_EXERCISE DIRECTIONS_
Nothing below is to be printed except the lines between the line holding "Hole Wizard can" and the line holding "And that pretty", inclusive, each exactly as it appears.

^^^^^^^^

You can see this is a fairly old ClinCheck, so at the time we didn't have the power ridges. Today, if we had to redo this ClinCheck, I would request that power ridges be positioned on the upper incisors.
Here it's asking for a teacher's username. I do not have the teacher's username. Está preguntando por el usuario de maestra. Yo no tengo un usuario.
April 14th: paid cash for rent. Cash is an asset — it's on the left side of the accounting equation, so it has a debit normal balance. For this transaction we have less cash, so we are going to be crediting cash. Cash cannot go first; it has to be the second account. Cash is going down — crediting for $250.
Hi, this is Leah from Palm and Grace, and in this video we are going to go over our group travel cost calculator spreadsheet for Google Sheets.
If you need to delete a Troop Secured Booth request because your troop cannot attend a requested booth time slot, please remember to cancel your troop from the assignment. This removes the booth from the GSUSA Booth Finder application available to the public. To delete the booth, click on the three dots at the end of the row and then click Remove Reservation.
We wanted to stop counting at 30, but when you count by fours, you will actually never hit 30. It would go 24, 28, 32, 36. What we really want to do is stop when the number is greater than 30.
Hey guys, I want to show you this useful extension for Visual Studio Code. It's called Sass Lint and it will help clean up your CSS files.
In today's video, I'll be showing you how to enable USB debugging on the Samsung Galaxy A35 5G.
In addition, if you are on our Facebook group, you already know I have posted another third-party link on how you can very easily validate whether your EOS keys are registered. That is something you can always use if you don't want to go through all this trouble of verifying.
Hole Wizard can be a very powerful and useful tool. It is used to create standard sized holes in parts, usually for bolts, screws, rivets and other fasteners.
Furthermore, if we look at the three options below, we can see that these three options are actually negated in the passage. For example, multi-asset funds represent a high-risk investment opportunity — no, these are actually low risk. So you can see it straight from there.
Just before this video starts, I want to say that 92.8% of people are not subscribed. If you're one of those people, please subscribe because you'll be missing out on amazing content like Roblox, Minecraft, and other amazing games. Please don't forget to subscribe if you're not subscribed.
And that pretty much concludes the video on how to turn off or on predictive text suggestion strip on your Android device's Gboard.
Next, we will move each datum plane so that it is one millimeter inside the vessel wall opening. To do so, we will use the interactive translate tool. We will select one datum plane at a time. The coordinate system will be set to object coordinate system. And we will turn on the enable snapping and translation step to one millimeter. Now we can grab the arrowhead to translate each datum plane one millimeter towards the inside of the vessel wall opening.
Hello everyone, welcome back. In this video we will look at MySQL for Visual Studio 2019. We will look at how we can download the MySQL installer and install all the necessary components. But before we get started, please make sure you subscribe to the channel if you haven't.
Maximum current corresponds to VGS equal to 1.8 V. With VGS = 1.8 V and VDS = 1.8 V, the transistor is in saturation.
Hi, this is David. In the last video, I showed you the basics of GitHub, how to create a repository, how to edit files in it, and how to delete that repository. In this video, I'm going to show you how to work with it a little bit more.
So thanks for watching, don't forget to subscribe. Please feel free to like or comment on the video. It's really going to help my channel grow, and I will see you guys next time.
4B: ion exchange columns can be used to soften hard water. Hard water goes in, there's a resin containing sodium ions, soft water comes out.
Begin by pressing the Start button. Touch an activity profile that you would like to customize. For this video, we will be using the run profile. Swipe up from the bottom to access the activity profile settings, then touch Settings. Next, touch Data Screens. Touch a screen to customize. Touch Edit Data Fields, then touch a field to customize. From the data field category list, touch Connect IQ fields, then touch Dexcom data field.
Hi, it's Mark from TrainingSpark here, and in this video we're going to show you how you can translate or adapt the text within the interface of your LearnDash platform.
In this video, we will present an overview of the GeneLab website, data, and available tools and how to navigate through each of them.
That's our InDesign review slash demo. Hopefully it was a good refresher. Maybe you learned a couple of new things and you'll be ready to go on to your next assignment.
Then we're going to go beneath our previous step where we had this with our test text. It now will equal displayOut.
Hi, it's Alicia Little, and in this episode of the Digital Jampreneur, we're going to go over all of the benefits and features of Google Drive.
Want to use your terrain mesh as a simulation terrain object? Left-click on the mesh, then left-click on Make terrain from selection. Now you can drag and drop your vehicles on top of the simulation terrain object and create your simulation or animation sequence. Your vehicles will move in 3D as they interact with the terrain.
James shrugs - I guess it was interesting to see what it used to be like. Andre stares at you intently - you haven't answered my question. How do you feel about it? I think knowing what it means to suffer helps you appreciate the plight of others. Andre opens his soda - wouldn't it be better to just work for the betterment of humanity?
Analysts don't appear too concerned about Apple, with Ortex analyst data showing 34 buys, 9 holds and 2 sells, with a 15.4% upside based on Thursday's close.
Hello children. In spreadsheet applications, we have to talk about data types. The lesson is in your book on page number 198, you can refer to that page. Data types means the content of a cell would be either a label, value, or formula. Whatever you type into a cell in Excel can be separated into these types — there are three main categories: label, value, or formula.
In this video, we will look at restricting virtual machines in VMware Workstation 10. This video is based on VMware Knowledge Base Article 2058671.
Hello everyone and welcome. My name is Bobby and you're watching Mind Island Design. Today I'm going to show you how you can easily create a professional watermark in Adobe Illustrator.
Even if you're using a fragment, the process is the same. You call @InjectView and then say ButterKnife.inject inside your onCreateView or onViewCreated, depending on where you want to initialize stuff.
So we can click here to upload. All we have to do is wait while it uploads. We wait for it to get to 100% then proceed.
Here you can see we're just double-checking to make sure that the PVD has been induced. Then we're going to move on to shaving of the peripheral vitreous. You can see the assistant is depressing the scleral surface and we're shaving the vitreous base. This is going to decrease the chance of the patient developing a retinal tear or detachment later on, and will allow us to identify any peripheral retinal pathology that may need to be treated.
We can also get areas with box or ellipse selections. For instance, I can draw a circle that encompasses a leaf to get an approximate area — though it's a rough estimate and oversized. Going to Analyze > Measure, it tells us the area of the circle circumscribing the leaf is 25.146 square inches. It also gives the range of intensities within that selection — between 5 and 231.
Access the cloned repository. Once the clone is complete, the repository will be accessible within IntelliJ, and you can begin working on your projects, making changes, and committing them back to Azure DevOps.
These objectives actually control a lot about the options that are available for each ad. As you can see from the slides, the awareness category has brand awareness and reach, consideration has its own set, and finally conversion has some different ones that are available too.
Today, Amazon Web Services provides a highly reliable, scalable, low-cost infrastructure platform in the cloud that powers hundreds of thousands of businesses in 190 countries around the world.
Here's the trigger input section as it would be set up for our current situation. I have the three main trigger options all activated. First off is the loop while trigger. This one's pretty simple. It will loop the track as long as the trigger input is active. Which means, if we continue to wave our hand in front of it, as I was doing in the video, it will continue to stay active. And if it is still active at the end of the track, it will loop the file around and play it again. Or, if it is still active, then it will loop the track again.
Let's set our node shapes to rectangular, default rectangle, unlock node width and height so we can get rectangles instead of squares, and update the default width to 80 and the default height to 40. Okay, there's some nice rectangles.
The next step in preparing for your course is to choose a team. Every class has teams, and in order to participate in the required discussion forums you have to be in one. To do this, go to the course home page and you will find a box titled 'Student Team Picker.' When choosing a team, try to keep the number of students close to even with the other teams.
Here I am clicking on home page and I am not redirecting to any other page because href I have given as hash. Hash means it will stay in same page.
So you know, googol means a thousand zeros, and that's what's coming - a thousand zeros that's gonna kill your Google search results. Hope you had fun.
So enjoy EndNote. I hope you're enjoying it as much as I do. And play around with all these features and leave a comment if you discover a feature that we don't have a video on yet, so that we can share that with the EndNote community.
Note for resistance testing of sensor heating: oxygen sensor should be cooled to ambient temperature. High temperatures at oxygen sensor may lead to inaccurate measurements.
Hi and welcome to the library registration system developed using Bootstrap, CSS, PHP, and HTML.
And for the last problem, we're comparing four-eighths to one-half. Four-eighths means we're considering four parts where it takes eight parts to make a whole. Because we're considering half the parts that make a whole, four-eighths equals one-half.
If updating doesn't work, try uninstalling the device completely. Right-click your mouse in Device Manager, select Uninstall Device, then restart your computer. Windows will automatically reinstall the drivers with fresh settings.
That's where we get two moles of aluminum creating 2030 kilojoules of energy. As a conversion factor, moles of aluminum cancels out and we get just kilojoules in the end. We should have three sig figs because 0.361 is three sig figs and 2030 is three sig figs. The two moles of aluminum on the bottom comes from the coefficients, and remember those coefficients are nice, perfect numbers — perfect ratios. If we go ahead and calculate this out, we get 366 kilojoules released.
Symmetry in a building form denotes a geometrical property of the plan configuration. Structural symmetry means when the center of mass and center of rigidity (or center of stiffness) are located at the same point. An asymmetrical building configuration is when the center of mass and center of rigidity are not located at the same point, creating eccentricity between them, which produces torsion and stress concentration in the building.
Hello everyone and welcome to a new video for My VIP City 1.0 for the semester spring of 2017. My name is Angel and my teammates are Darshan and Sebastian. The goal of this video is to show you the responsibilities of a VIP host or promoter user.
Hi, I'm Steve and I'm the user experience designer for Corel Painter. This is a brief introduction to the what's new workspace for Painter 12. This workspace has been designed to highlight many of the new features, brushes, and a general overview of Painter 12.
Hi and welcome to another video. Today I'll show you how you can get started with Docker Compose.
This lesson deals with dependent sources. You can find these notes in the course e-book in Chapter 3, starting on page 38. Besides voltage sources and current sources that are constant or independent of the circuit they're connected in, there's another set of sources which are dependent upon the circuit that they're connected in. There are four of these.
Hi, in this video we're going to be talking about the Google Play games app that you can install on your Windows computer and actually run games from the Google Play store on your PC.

^^^^^^^^

_RESULT_
Hole Wizard can be a very powerful and useful tool. It is used to create standard sized holes in parts, usually for bolts, screws, rivets and other fasteners.
Furthermore, if we look at the three options below, we can see that these three options are actually negated in the passage. For example, multi-asset funds represent a high-risk investment opportunity — no, these are actually low risk. So you can see it straight from there.
Just before this video starts, I want to say that 92.8% of people are not subscribed. If you're one of those people, please subscribe because you'll be missing out on amazing content like Roblox, Minecraft, and other amazing games. Please don't forget to subscribe if you're not subscribed.
And that pretty much concludes the video on how to turn off or on predictive text suggestion strip on your Android device's Gboard.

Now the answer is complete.